A portal providing cultural heritage resources wants to enrich the original metadata from web and social media resources in order to put their resources in context.

Example: Herbert has been a history and economics high school teacher. When he retired, he intensified his hobby on studying the economy of the German Empire. Once Herbert was tweeting about his hypothesis on the economic situation of the German Empire, referring to statistics published in the portal of the German National Library of Economics (ZBW). In order to put their resources into users' contexts, ZBW monitors tweets about their resources and an automatic agent adds an annotation to the page on ZBW’s portal presenting the document he used, referring to Herbert's Twitter account and website.

b) user created

A scientist using cultural heritage resources wants to connect different information she found about these resources and her own work.

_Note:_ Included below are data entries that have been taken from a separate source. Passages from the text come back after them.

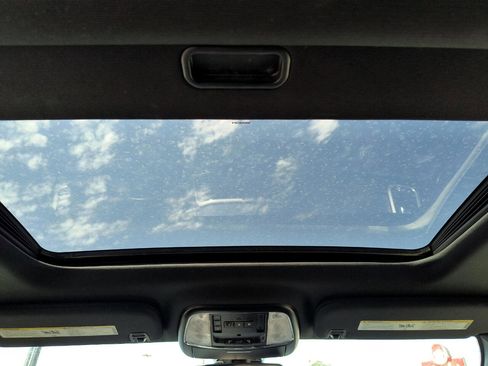 Used 2016 Jeep Grand Cherokee Laredo 75th Anniversary image 23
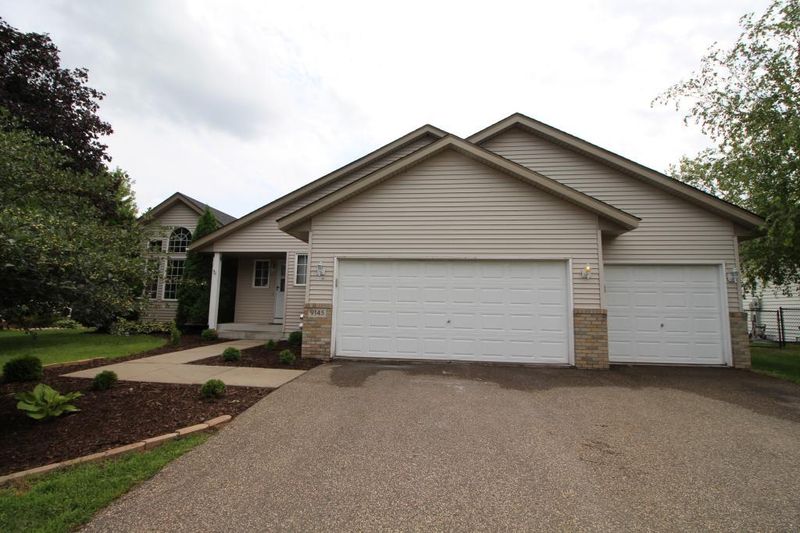 9145 Cambridge Ave, Brooklyn Park, MN 55443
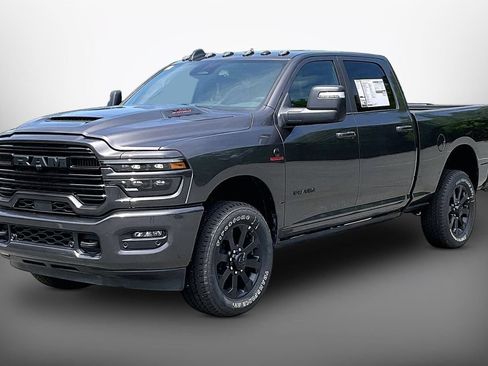New 2026 RAM 2500 Laramie AWD/4WD image 8
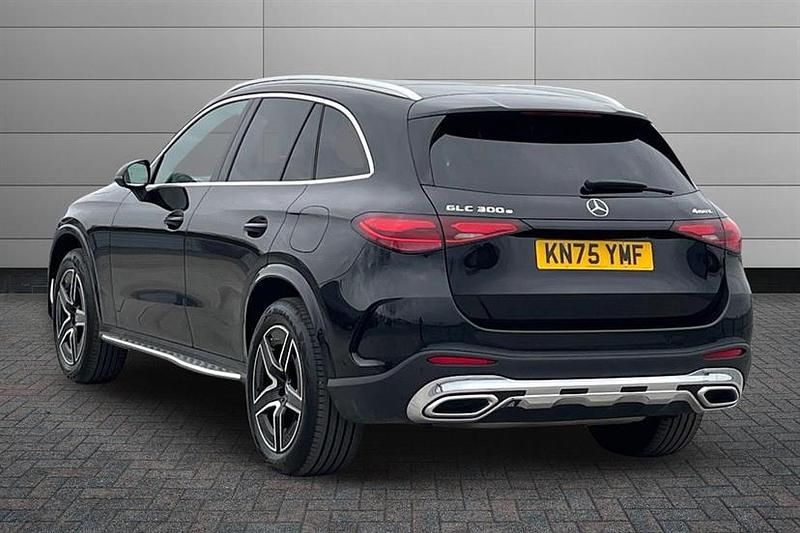 Second-hand Mercedes GLC300e AMG line 313 CP (230 kW) 2025 Negru Break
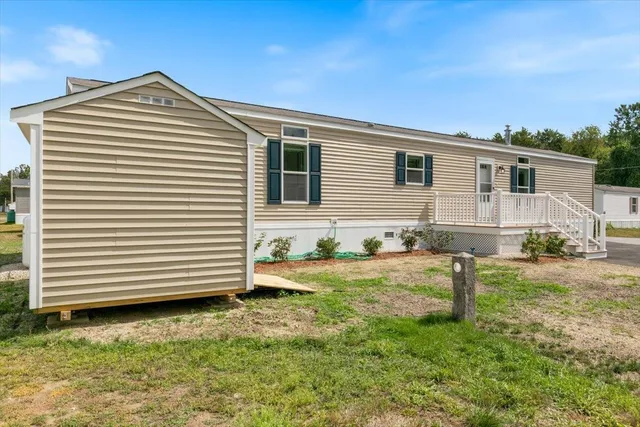 $270,000 | 84 Caddy Drive, Salem, NH 03079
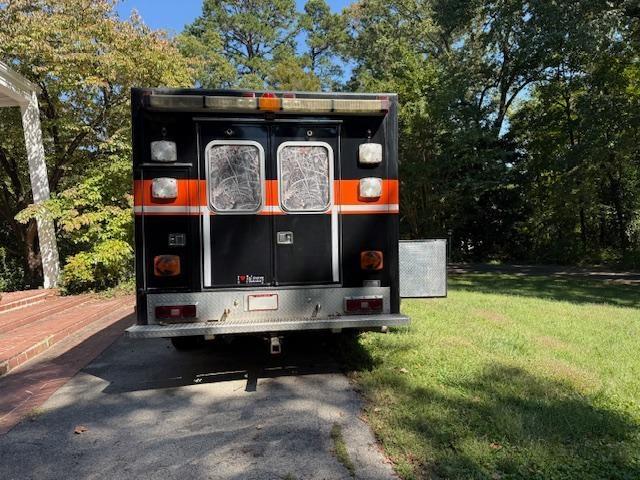 1999 Chevrolet 3500 HD 4x4 Type I Ambulance - image 10
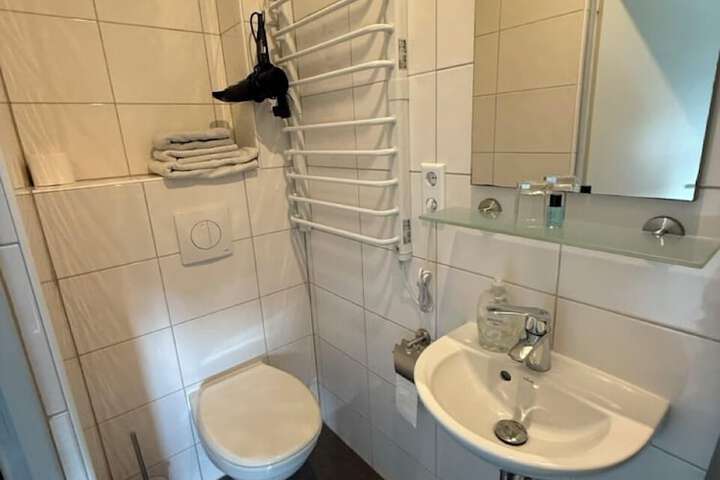 Room 42 of 53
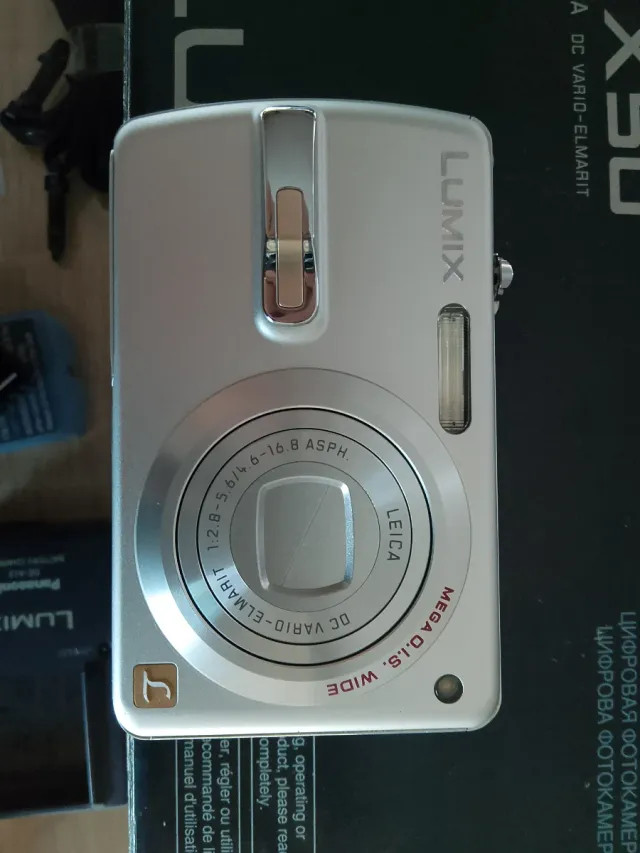 Cámara Panasonic Lumix DMC-FX50 Completa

Example: Sarah is a researcher working on the history of money. In her current work, she uses documents from different libraries, and she is also collecting examples of early coins. She uses Europeana to search across many institutions in Europe, and online catalogs of museums worldwide. She finds a type of coin, of which different museums have exemplars of, and provide different metadata about it. She creates annotations linking these records together, describing their connection and adding her own insights. For example, she points out that two of those records have complementary metadata, while a third contradicts in terms of the age dating of the coins. She provides her research results proposing a resolution to this issue.